Carbon nanotube-based purification technologies advance material-level innovation within the water purification segment. It comprises 664 companies and employs 61 300 professionals, with 13 new employees added last year. It highlights ongoing research, manufacturing, and pilot-scale deployment efforts. With an annual growth rate of 2.13%, carbon nanotubes enable high-surface-area filtration, enhanced contaminant adsorption, and membrane performance in advanced purification systems.

Financing and Partnerships in Water Purification

Public funding still dominates water-sector financing, which shapes how purification innovation gets commercialized. The World Bank reports annual spending on water of USD 164.6 billion in developing countries, with ~91% from the public sector and less than 2% from the private sector.

It also estimates that countries need to increase spending in the water supply and sanitation subsector by USD 131.4-140.8 billion annually to close gaps.

Venture financing continues to validate membrane and high-selectivity filtration approaches. For example, Membrion announced a USD 20 million Series B (June 2024) to scale its ceramic-ion exchange membrane technology for industrial and municipal wastewater treatment, with the round framed around commercialization and manufacturing scale-up.

This is a useful signal that investors are backing purification systems that reduce chemical inputs and improve separation efficiency rather than incremental filter media changes.

Large corporate deals are also reshaping filtration scale and integration strategies. Thermo Fisher agreed to buy Solventum’s purification and filtration business for USD 4.1 billion. This positions filtration as a strategic capability platform rather than a commodity component category.

The water purification sector shows sustained investor engagement, with an average investment value of USD 26.5 million per funding round. Also, more than 1200 investors actively participate in the ecosystem that collectively closed over 1600 funding rounds.

In parallel, this capital flows into more than 550 companies, which shows a diversified investment landscape that spans residential, industrial, and infrastructure-focused water purification solutions.

The top investors in the water purification segment collectively deploy more than USD 2.17 billion. Below is a breakdown of their contributions:

 

 

EIB works with nine multilateral development banks to align USD 19.6 billion in global water security investments.

Inflection Point Acquisition entered a business combination agreement with A1R WATER, which designs atmospheric water generation systems that produce clean drinking water from air humidity.

Deutsche Bank partners with Watershed Organisation Trust (WOTR) to implement groundwater recharge and water conservation projects. It also partners with the Centre for Collective Development (CCD) to restore local water bodies, expand water storage, and improve irrigation reliability for farmers.

Chemtrade acquired Polytec, a U.S.-based provider of turnkey water treatment solutions, in a USD 150 million deal financed through its credit facility.

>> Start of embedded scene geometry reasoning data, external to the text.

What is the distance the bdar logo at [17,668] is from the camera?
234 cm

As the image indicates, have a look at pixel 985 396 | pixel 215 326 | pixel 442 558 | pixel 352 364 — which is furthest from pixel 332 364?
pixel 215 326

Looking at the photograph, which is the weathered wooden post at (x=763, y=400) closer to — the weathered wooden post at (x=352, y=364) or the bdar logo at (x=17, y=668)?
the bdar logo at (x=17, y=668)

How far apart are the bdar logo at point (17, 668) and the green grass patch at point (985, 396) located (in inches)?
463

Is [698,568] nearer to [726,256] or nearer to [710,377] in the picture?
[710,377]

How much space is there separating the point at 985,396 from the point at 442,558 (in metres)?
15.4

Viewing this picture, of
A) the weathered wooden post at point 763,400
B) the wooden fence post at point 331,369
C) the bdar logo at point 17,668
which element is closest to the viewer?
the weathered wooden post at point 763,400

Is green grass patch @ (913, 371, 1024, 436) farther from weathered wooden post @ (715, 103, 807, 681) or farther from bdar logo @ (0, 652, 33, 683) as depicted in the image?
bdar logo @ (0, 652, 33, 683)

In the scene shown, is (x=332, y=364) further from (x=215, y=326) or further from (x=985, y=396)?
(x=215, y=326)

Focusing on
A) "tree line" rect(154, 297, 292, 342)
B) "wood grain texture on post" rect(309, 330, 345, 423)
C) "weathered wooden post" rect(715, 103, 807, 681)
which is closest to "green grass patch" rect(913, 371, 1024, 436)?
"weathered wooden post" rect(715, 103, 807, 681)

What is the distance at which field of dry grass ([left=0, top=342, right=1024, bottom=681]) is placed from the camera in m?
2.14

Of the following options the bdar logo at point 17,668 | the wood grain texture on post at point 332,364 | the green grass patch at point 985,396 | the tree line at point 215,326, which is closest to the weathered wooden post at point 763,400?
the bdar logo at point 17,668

Scope and Market Definition

This water purification industry outlook draws on the StartUs Insights Discovery Platform to analyze 9M+ companies, 25K+ technologies and trends, and 190M+ patents, news articles, and market reports. The scope follows how microbial risk, heavy metals, salinity, and emerging pollutants translate into deployable system architectures rather than treating purification as a single filter category.

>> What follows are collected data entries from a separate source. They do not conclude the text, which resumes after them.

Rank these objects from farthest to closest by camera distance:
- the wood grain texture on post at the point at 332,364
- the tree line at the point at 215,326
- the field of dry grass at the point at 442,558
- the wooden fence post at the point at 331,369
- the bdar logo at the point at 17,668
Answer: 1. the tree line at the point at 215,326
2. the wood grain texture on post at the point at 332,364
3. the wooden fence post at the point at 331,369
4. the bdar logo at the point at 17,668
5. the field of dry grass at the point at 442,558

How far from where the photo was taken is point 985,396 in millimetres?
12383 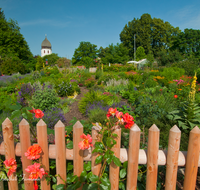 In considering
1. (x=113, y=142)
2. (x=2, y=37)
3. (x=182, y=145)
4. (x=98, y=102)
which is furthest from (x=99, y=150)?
(x=2, y=37)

The analysis also tracks how adoption is being operationalized across two execution theaters: regulated utilities and industries, and (2) point-of-use and decentralized deployments. Across both, the report keeps a tight lens on the enabling layer – sensorization, remote monitoring, automated dosing/control, and digital water platforms – because treatment performance is increasingly defined by how fast systems detect change and stay in compliance.